■ Directions for this task: The material beneath this line should be printed exactly, with its pictures omitted.

■ Given material:
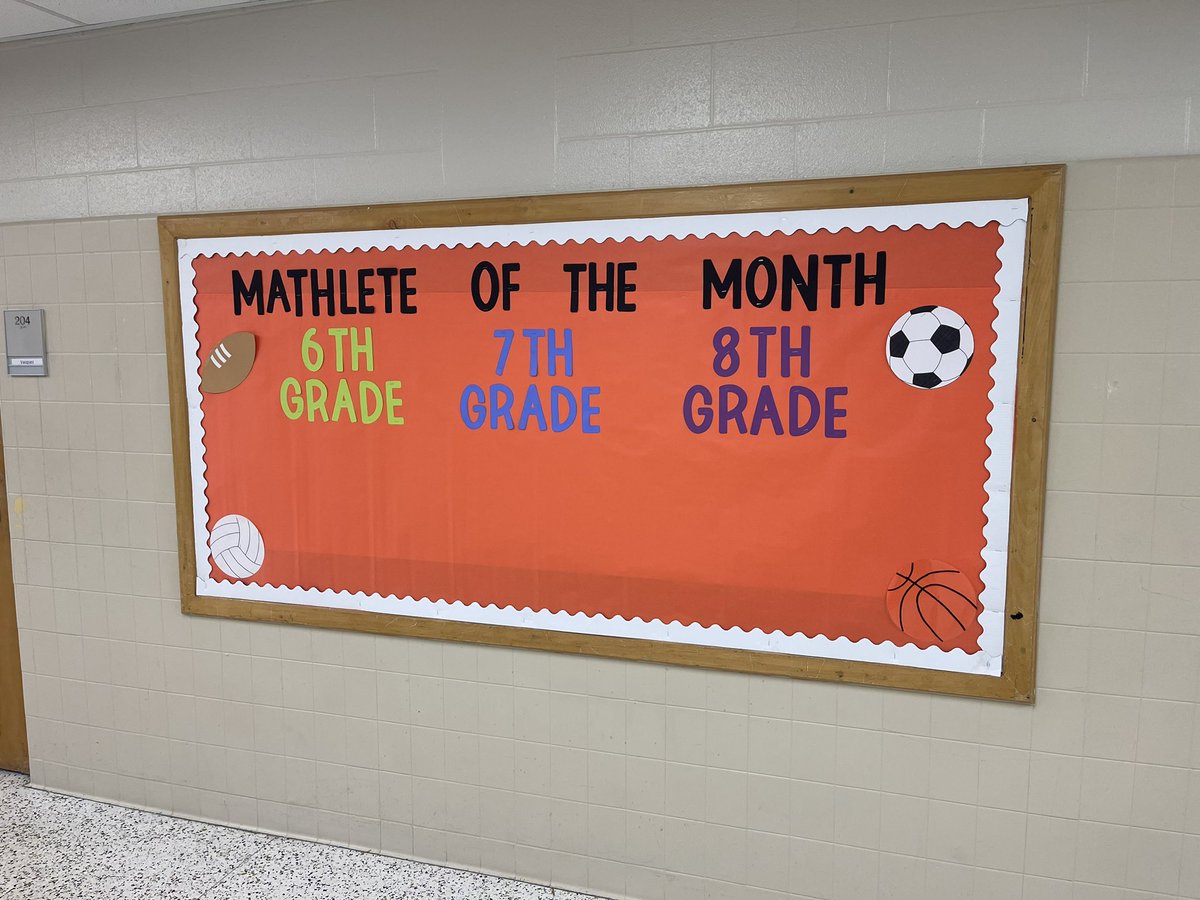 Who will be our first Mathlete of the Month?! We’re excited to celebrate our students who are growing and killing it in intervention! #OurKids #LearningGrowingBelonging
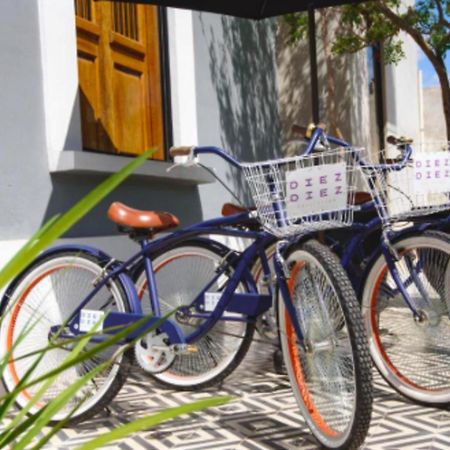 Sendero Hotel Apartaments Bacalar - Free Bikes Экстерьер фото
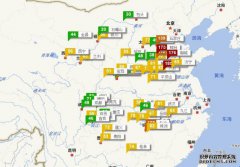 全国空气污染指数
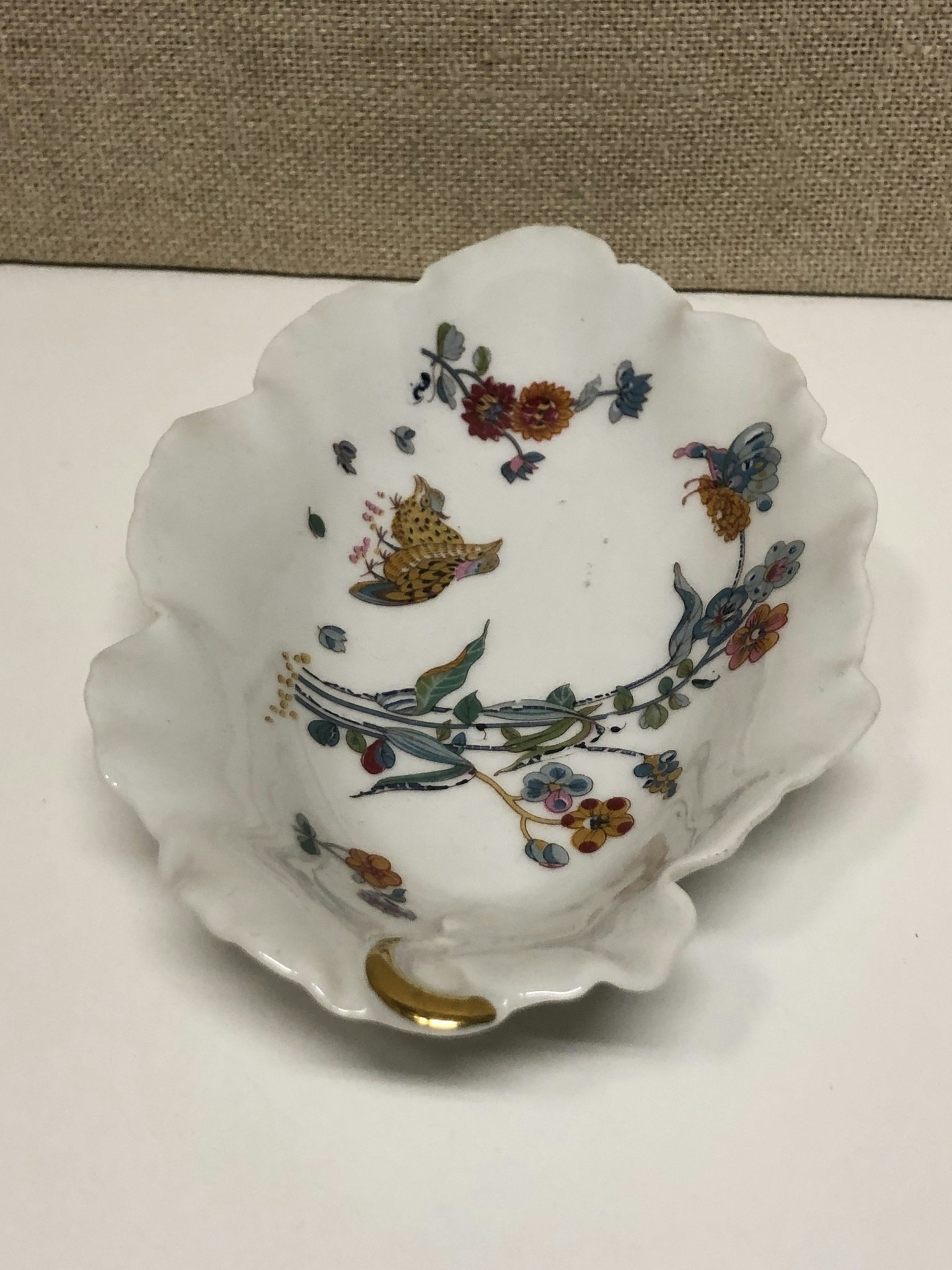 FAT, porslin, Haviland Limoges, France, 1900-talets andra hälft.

■ Output:
 Who will be our first Mathlete of the Month?! We’re excited to celebrate our students who are growing and killing it in intervention! #OurKids #LearningGrowingBelonging
 Sendero Hotel Apartaments Bacalar - Free Bikes Экстерьер фото
 全国空气污染指数
 FAT, porslin, Haviland Limoges, France, 1900-talets andra hälft.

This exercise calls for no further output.